Surf Allah. Photo by Tiana Douglas

In 2006, Sheri Barclay was living in Edmonton, Alberta, where she had a music zine interviewing groups like the Yeah Yeah Yeahs and a local Metallica cover band, and hosted a radio show on the University of Alberta station CJSR-FM. Sheri is an unapologetic personality with good taste and a decent drawl, and her show, The Barclay Hour, was eventually picked up by Viva Radio, American Apparel’s internet broadcasting station housed in Park Slope. The hipster clothing brand fit a particular New York moment, advertising with billboards of Woody Allen film stills and tuning the stores to Turn On the Bright Lights. That physical and music landscape could never exist today.

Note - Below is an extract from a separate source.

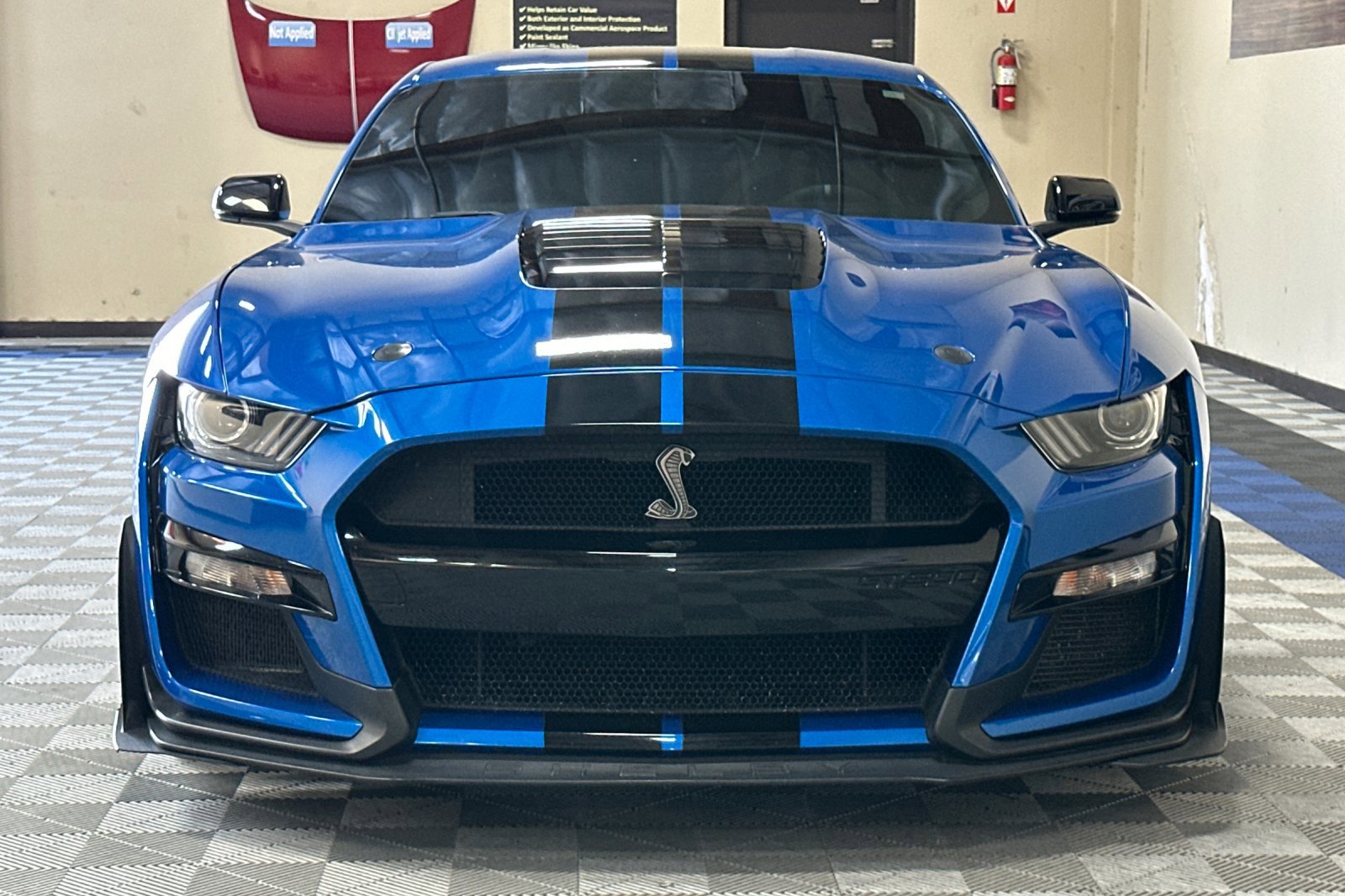 Used 2021 Ford Mustang Shelby GT500 w/ Technology Package RWD image 9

The DIY scene was founded decades ago on punk proclivity and anti-establishment necessity, as the commercial music industry dominated official venues. Now the capital of creativity is more easily harnessed than ever before. The typical avenues of the Facebook conglomerate seemed at first an innovative way to promote an artist’s work (how could anyone become an overnight sensation without the internet?) but tear the thin sheen off the algorithm and that work is a commodity in a marketing ploy that is not the artist’s own. Online, the quantity of positive reception beats the quality of content.

Where does good but unpopular music go? It lives in our private libraries, at home, and in the computer. The act of sharing it, person to person, seems to have taken refuge in empty lots and camper vans across Brooklyn.

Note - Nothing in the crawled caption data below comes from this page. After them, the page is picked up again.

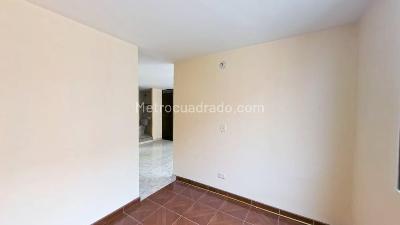 Apartamento de 2 alcobas en venta en El Mirador, Soacha, 41 m² · foto 6 de 16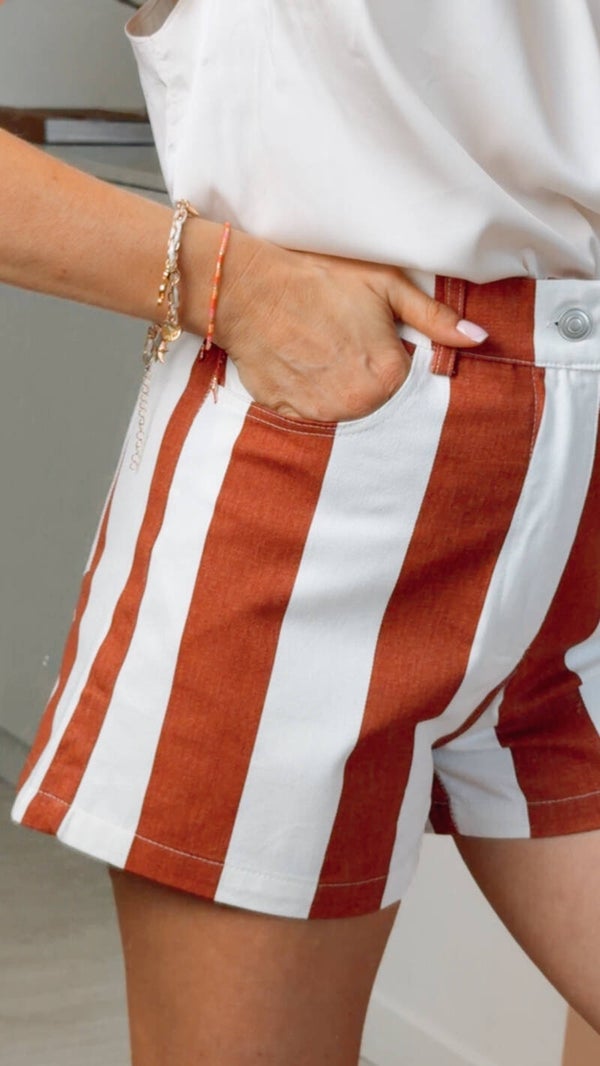Sienna stripe shorts – gestreepte damesshort wit/terracotta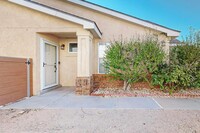 8320 Springcroft Rd NW in Albuquerque, NM - Building Photo - Building Photo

After Barclay’s college radio show was stretched as far as it could go—she was kicked off CJSR for “being too wacky”—she made a space for everyone else to keep their free-form college radio shows alive (or to start one, as a post-college aged adult). Thanks to a connection from her early New York days, and the previous tenant’s urination on the floor, Barclay secured a storage unit in Bushwick’s Punk Alley and began broadcasting online as KPISS-FM in 2015. One missing landlord and one temporary pizza-place space later, and the station reopened this January at 603 Hart Street, an RV in an empty triangle lot across from Bossa Nova Civic Club.

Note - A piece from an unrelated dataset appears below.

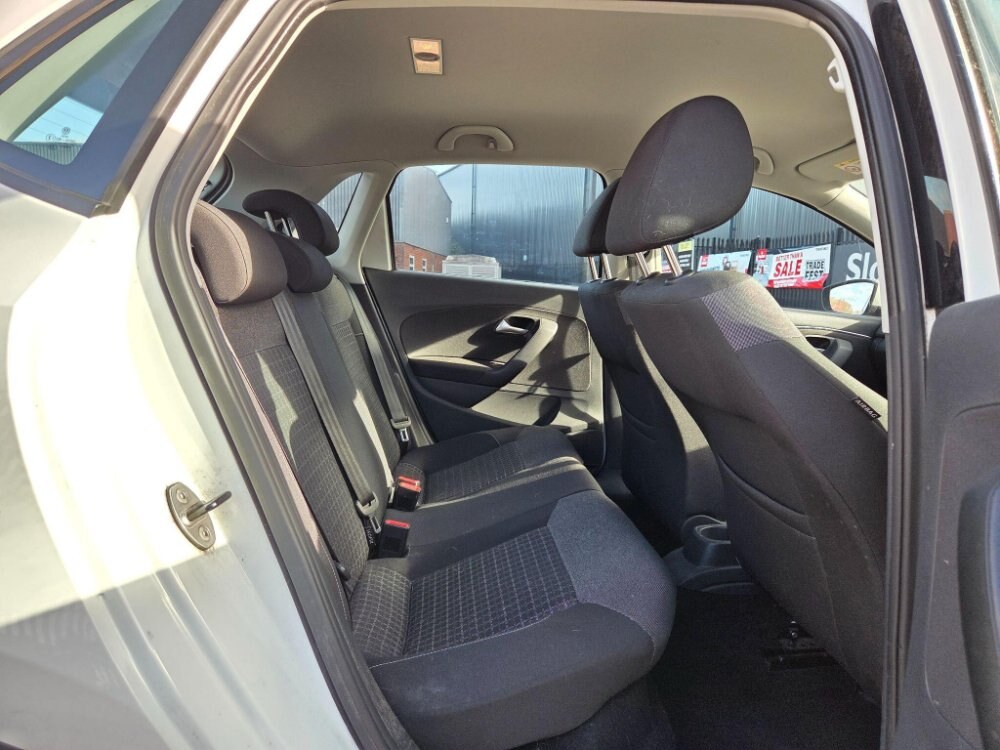 2015 Volkswagen Polo 1.2 TSI BlueMotion Tech SE Euro 6 (s/s) 5dr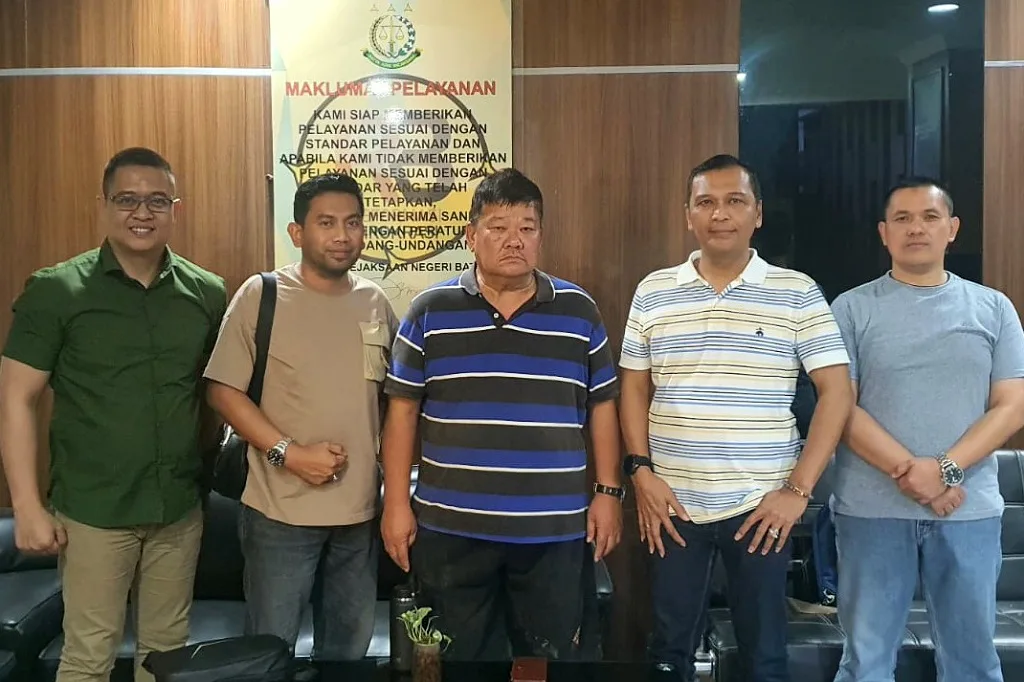 Kejagung Amankan Buronan Kasus Korupsi, Eddy Gunawan Tambrin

The RV floors are carpeted and the walls are outfitted in dark wood trim. Fuzzy dice hang from the rearview mirror and a taxidermied raccoon balances on a few empty cans. It’s a dream for a ’90s kid who misses the ’70s. The sound of the station is retro too, with post punk, free jazz, and live readings of personals ads. But even the DJs that play just-dropped Cardi B chat about their weekends and the weather, an honest and intimate banality that feels bygone.

“Every generation produces in-between people who grew up with a certain amount of nostalgia. And they’re always kind of searching for this other time,” says Barclay. “But I also know there are people who are totally just having a ball and tapped into something right now.”

Surf Allah, founder of Half Moon, is one of those. He describes his project, a hybrid beast of a broadcasting platform and party promoter, as a brand. Founded in 2017, Half Moon began operating out of a Lower East Side gallery basement. Their current headquarters are in a clean, cream-walled coworking space on the border of Bushwick and Ridgewood. On a Friday afternoon in February, DJ Korea Town Acid is playing live, mostly ignoring the young people hanging around the small, sunlit room. They flip through a vintage photo book, waiting for their phones to charge. A girl wearing a big orange puffer clicks between SoundCloud and Photoshop—she’s adding an alien face into the back of her front camera selfie. Surf is like their big brother, checking out their stuff while he deals with the tenant next door complaining about the noise, and who will spin the next set. They’re hip kids, in—or trying to be in—the electronic scene that everyone agrees is having a moment.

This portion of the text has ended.